CHAPTER FORTY-FIVE

Both Wilbur Brown, director of the FBI, and Bud Hollingsworth, director of the CIA, had made time in their busy schedules to respond to the US attorney general’s urgent request.

‘This came in the post today,’ Dirk Goddard, the former Senator for Mississippi explained. ‘Brown-paper envelope. Posted in Washington yesterday.’

They sat round a table in Goddard’s office to listen to the tape.

Okay guys,’ they heard Craig say. ‘This is what we’re offering if I’m elected president. Number One, the US is going to drop the current sanctions against Russia, as regards Crimea and the Ukraine. We would hope that NATO will follow us in this, but even if they don’t, we will act unilaterally.

Number Two: if I’m elected president, the United States will not challenge the deployment by Russia of the ground-based, nuclear-capable 9M729 missiles, even though possession of these missiles is a violation of the terms of the INF… Bert, what the hell does INF stand for?

INF means the Intermediate Range Nuclear Forces Treaty, Ron.’

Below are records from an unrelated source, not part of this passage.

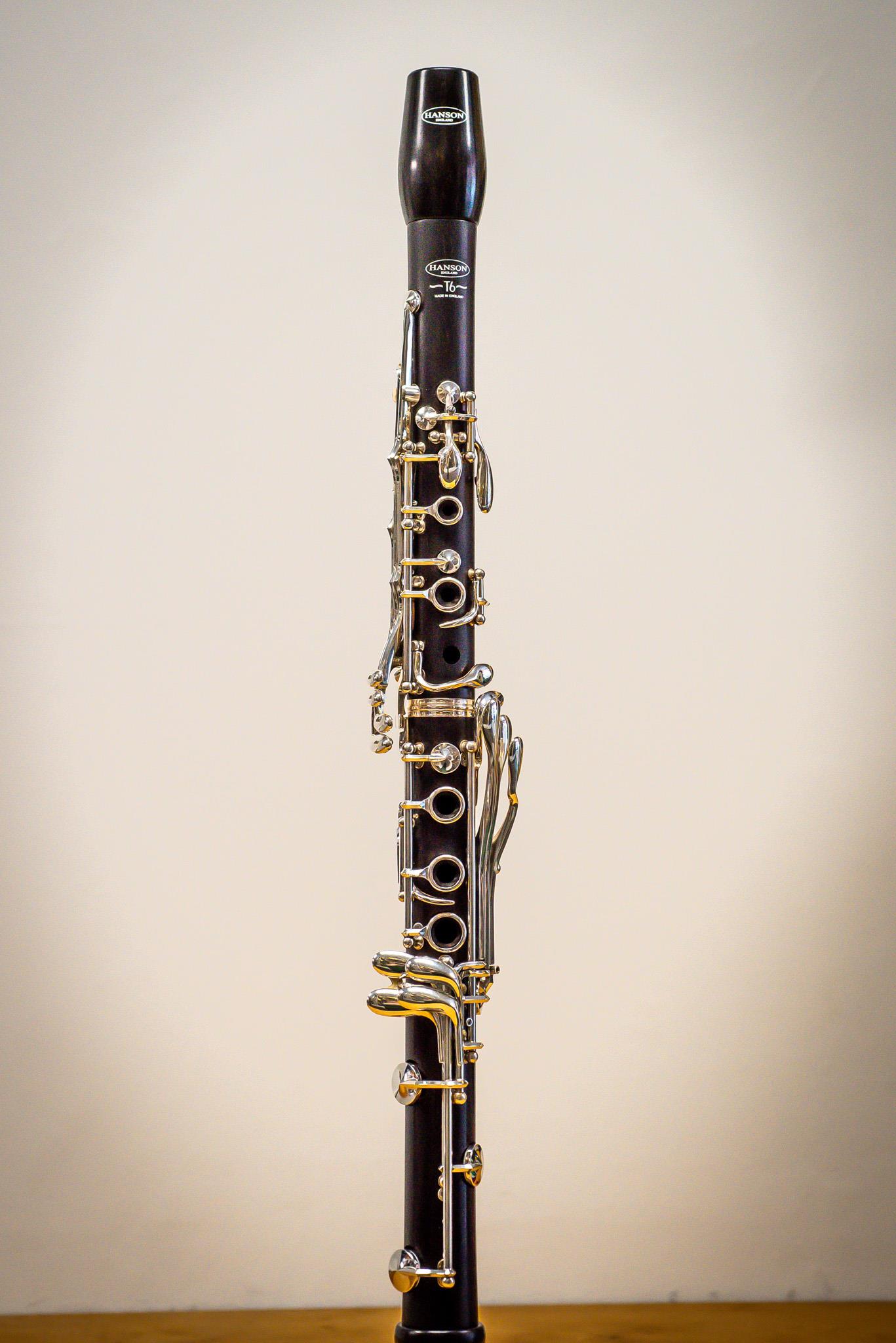 Hanson t6 clarinet deals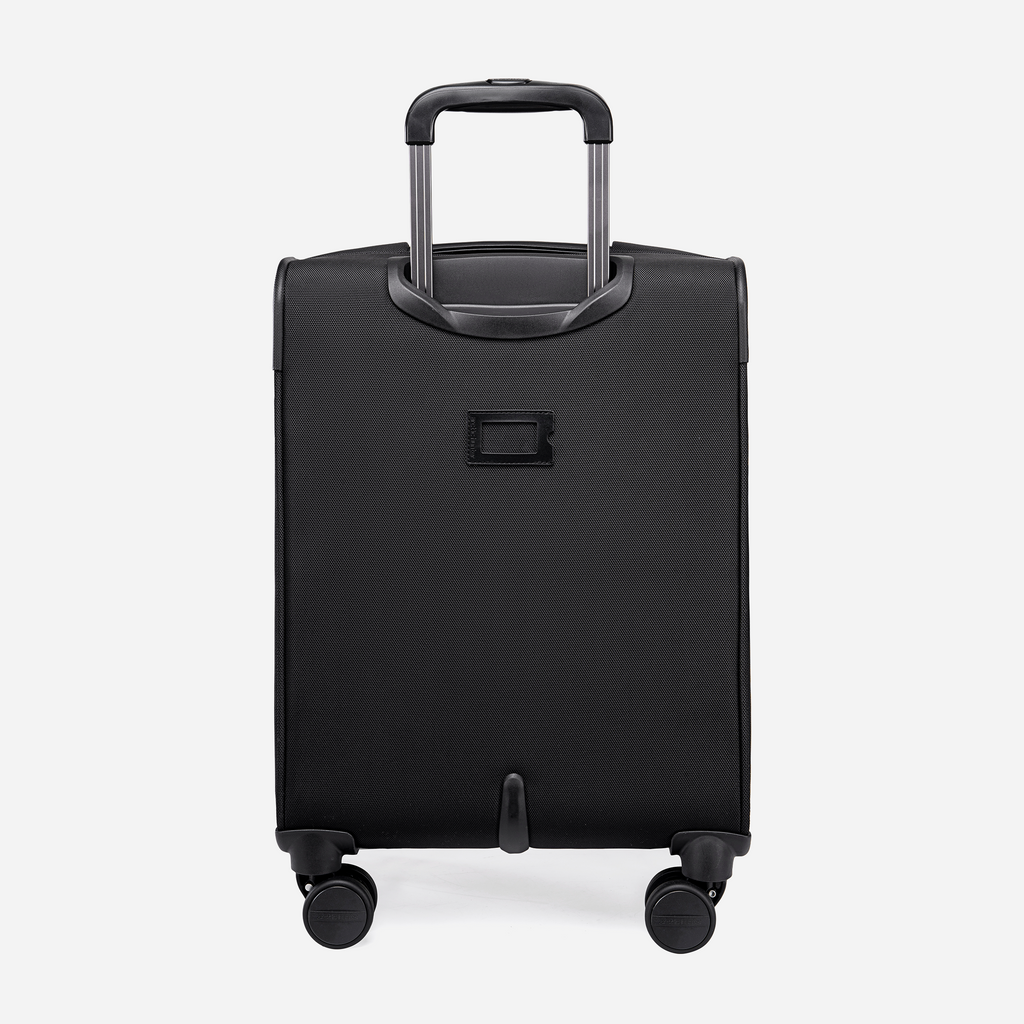 Arctic Hunter LGX004 Black Luggage — 18 inches 4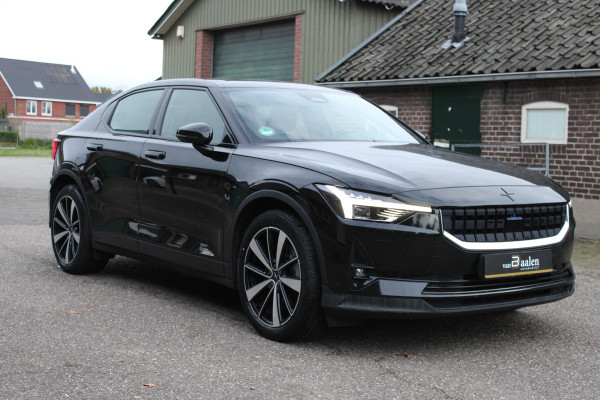Polestar 2 Long Range AWD Dual Motor SOh 91.6% Edition 78kWh PANO AUTO PILOT NAVI 300Kw 95000KM!!!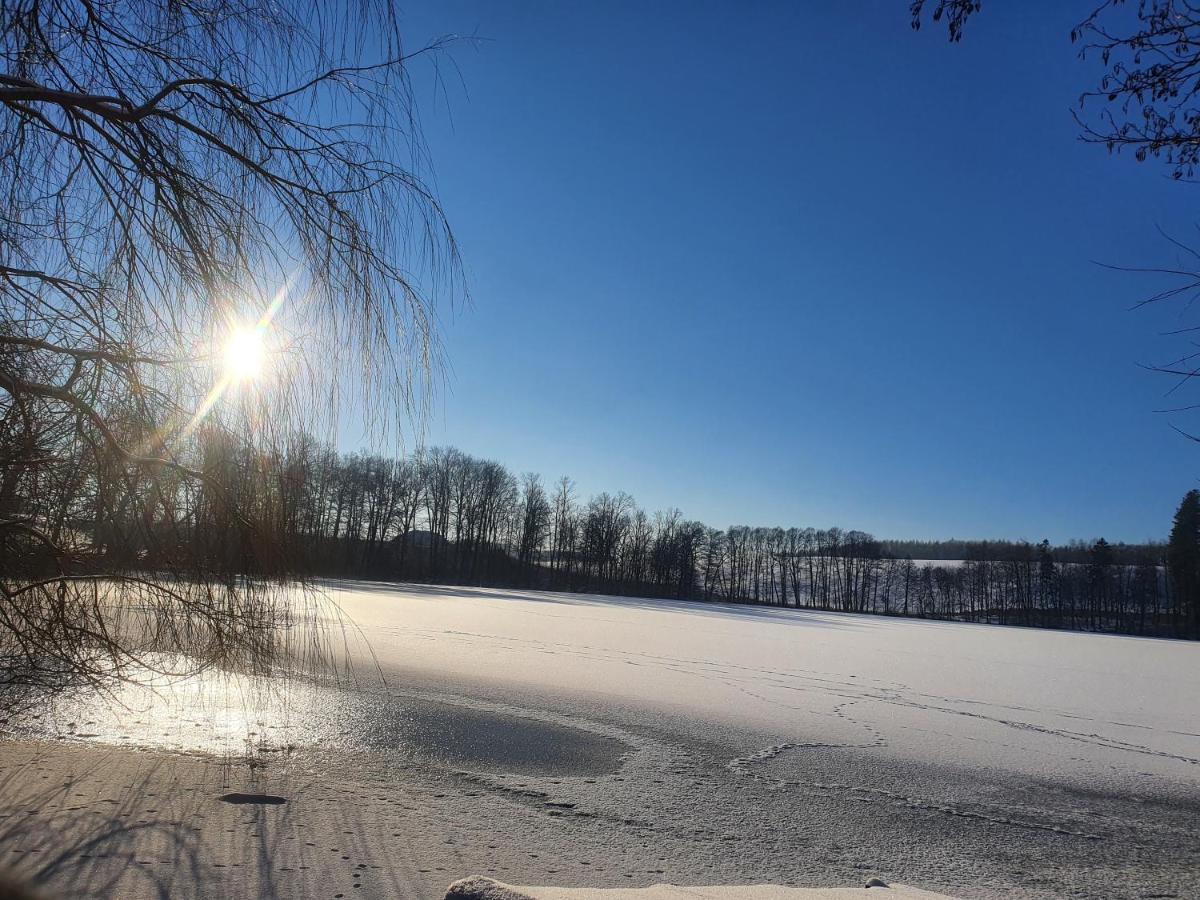 Agroturystyka "Jezioranka" Unichowo Luaran gambar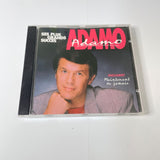 Ses Plus Grands Succes by Adamo (CD, 1992, Kebec Disc) FRENCH, Disc is Mint!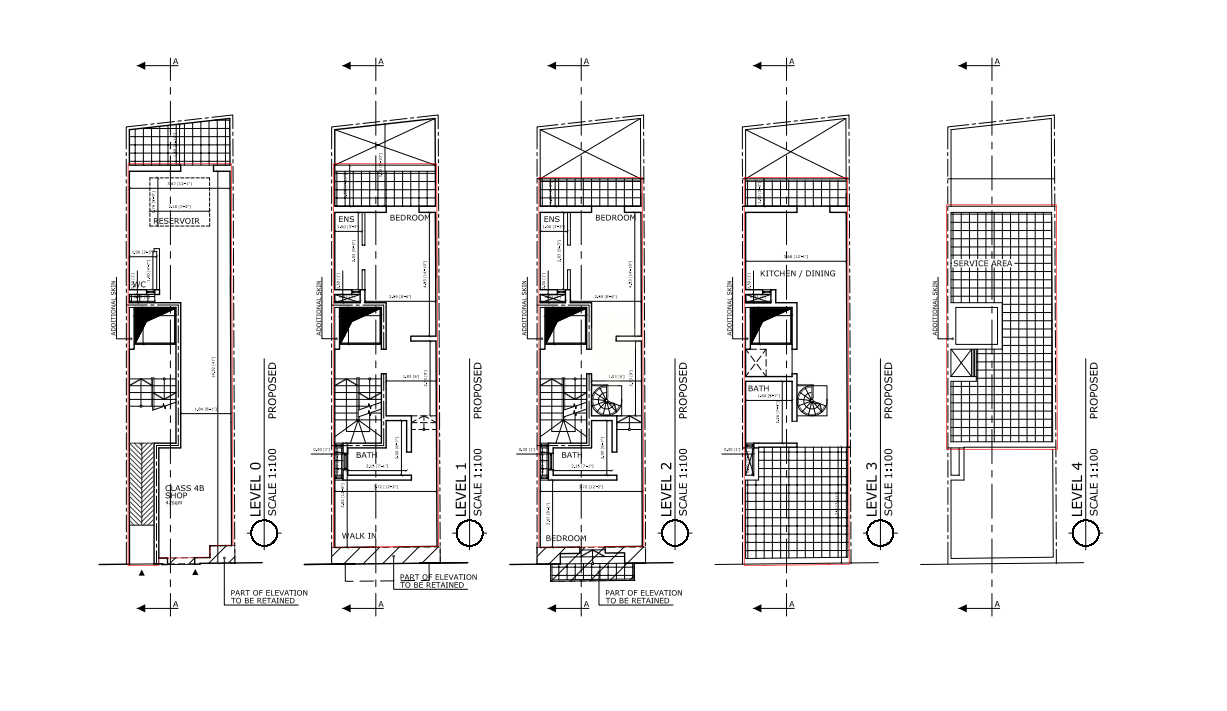 Duplex Maisonette in Paola - REF 73447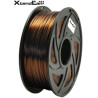 XtendLAN PETG filament 1,75mm medené farby 1kg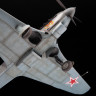 Советский истребитель Як-9Д 1/48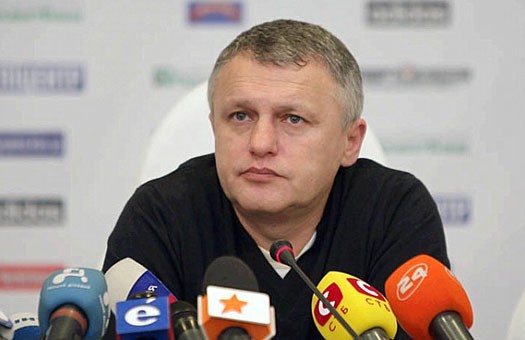 Игорь Суркис считает, что клубу очень нужен форвард. Фото svit24.net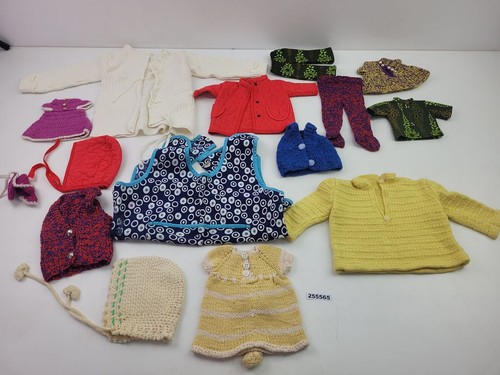 Kinder puppenbekleidung ddr - kinder,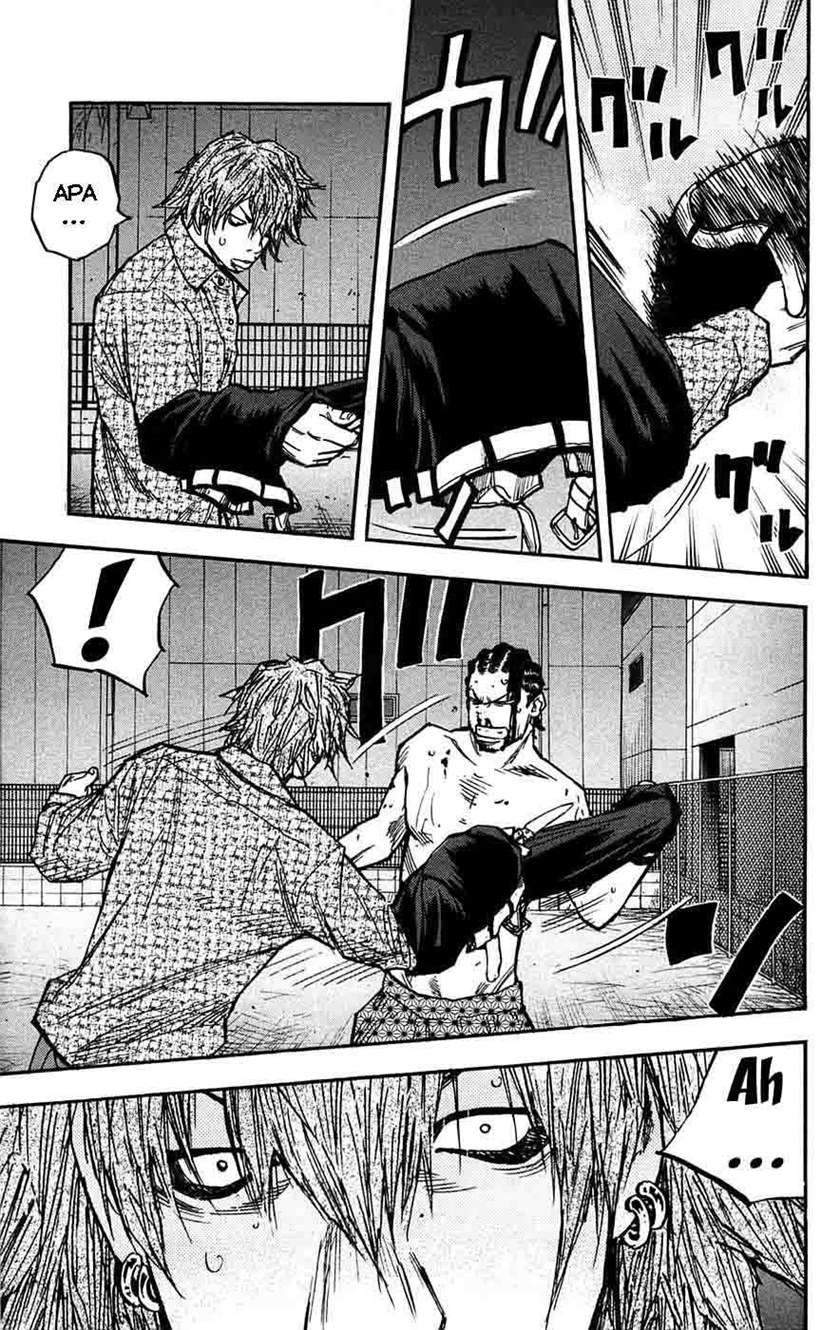 Clover Chapter 47 Gambar 17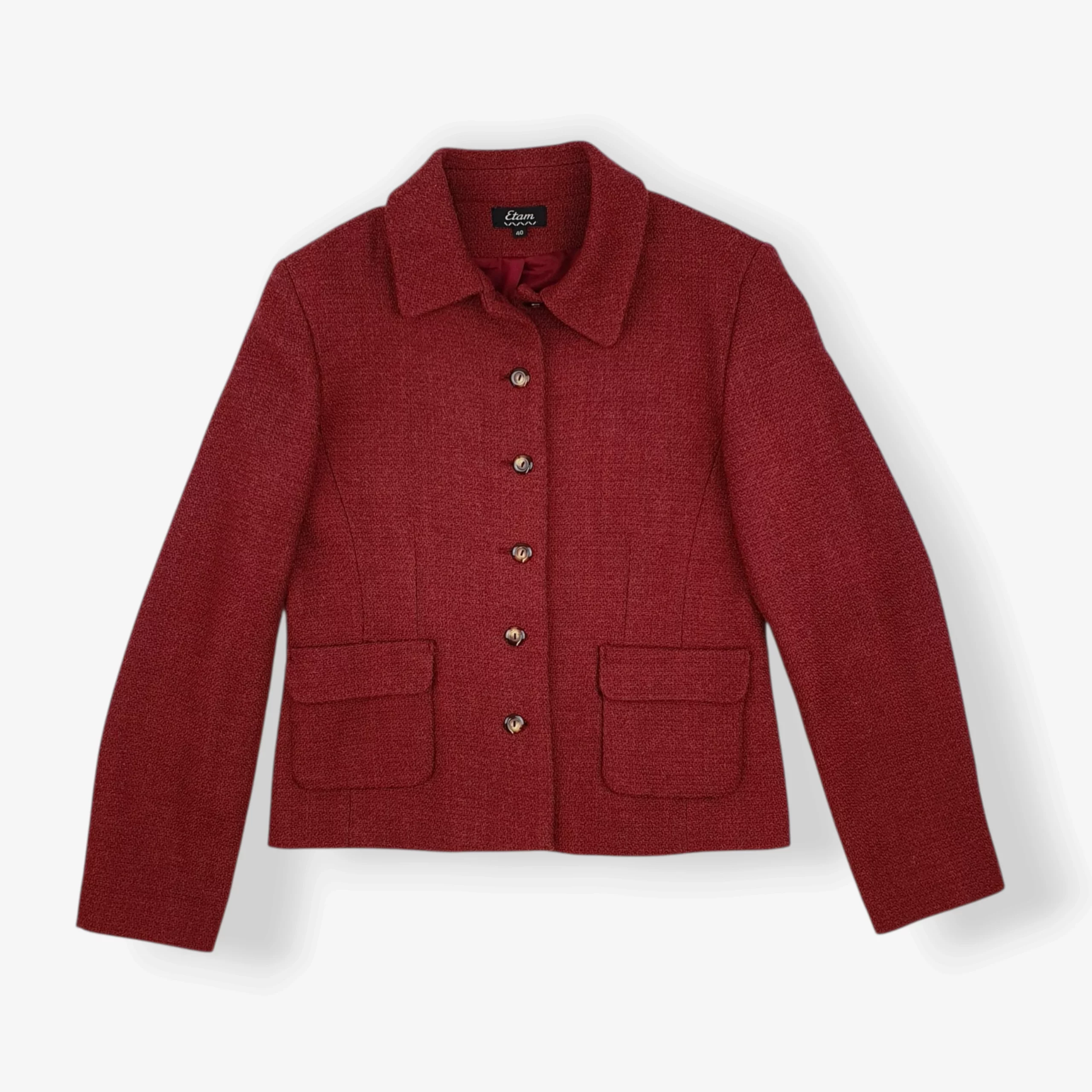 veste etam l - Freeperie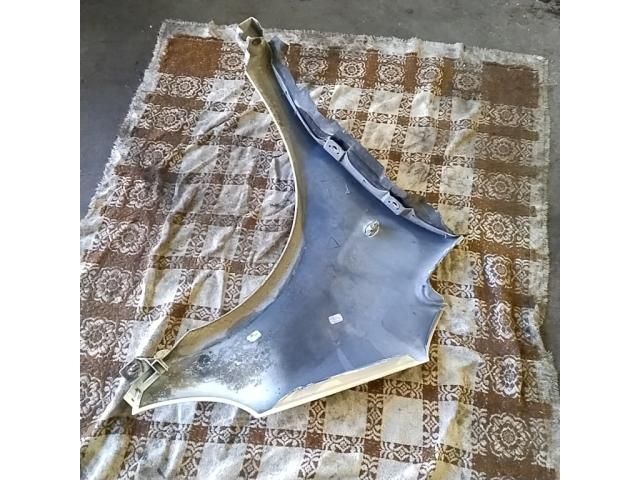 bontott MERCEDES-BENZ A-CLASS Bal első Sárvédő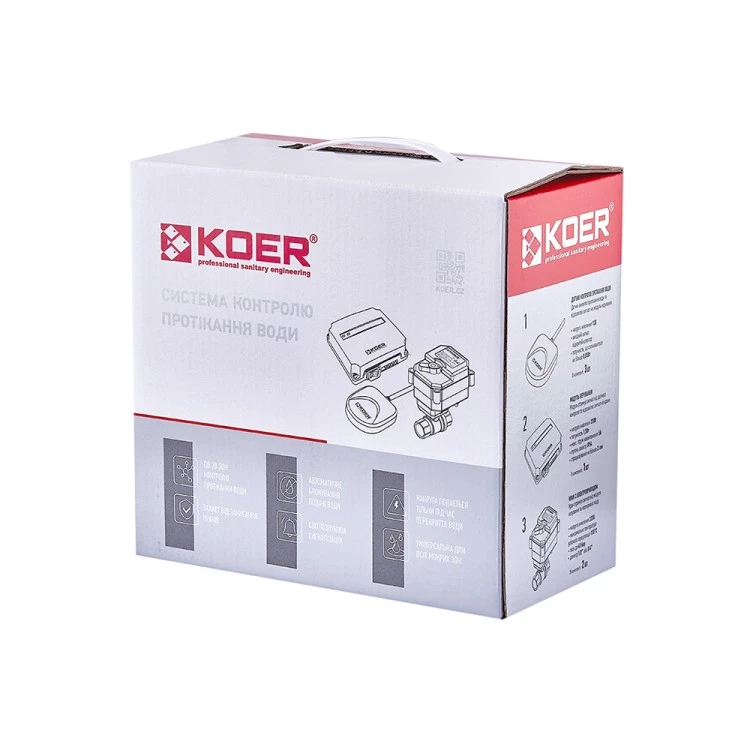 Фото 3 Koer KR.1501.SET (KR5221)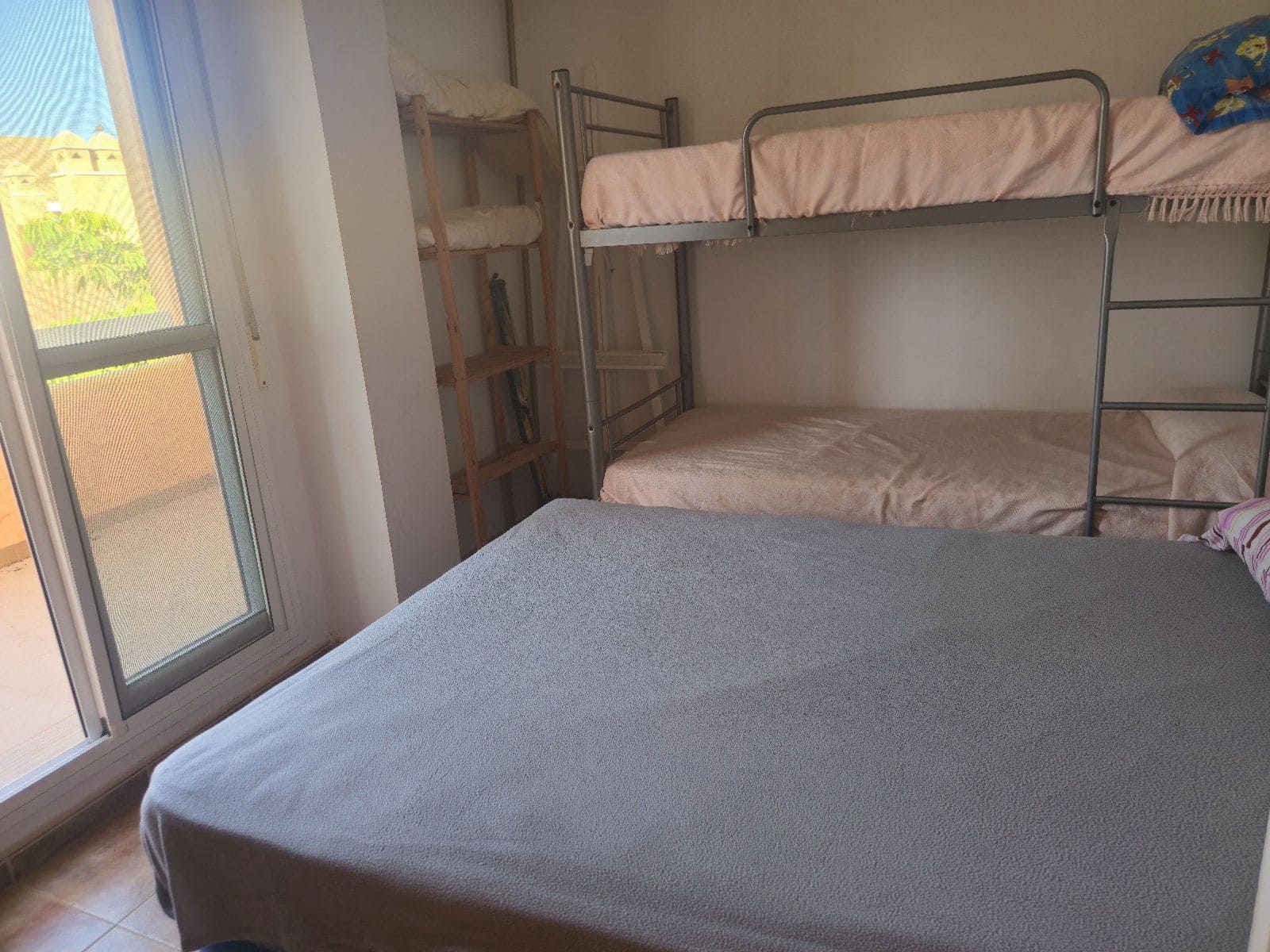 1 quarto Penthouse para venda em Vera com piscina garagem - 155 000 € (Ref: 10046610)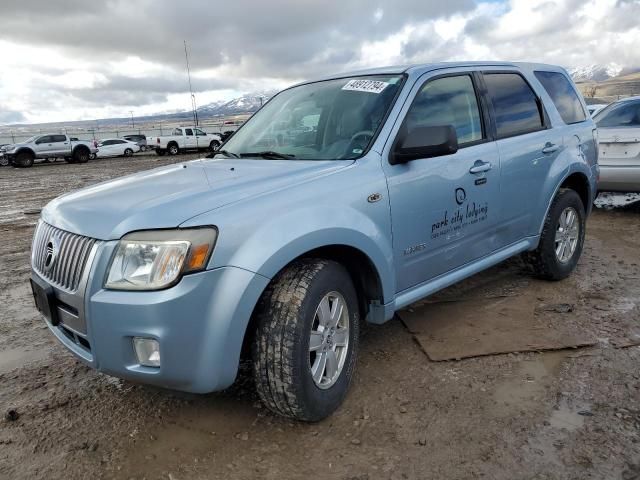 2008 Mercury Mariner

‘I guess that’s Bert Rumbold,’ Wilbur Brown commented. ‘Sounds like he’s still on six packs a day.’

Thanks, Bert,’ they heard Craig say. ‘We understand the 9M729s have a range of 620 to 3240 miles. Apparently they hit Syria from the Caspian the other day. So if we agree that their use is compatible with the INF, then Russia can legally hit every capital in Europe. More to the point, perhaps, Russia will be able to blast the living daylights out of every city in China.

Let’s take China’s build-up in the South China seas. I believe the United States must be ready to go to war with China over these illegal bases. But it would be better still if Russia and the US could take a coordinated approach. We can say to China “Pull back from the Spratlys or the Russians will whack Chengdu or Xian or wherever with their 9M729 missiles can reach.” ’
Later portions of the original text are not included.